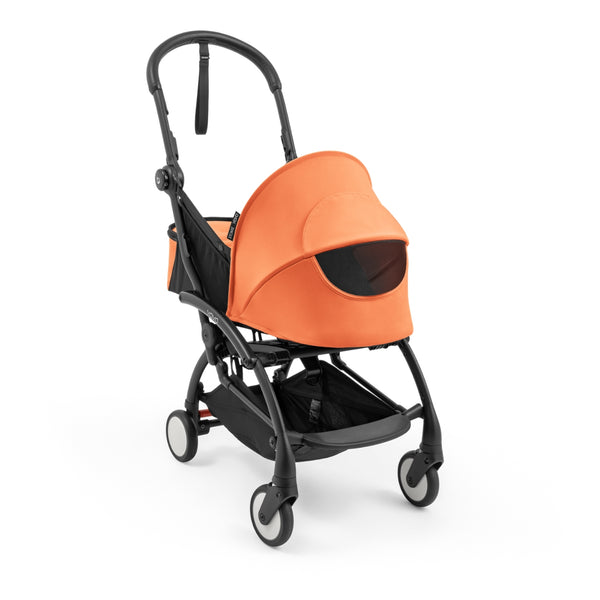 Carrinho Stokke YOYO⁵ + Ninho desde o nascimento, com posição totalmente deitada, dobragem ultracompacta com uma mão, suspensão nas quatro rodas e conjunto de assento incluído.
Peach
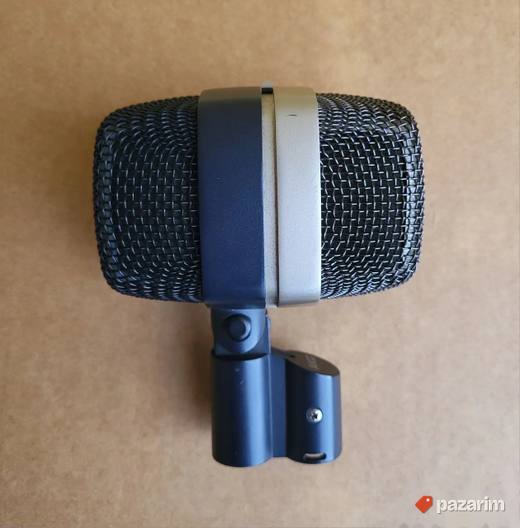AKG D12VR mikrofon za bas bubanj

→ Exercise requirements: Could you copy the lines above exactly and skip the images?

→ Answer section:
 Carrinho Stokke YOYO⁵ + Ninho desde o nascimento, com posição totalmente deitada, dobragem ultracompacta com uma mão, suspensão nas quatro rodas e conjunto de assento incluído.
Peach
AKG D12VR mikrofon za bas bubanj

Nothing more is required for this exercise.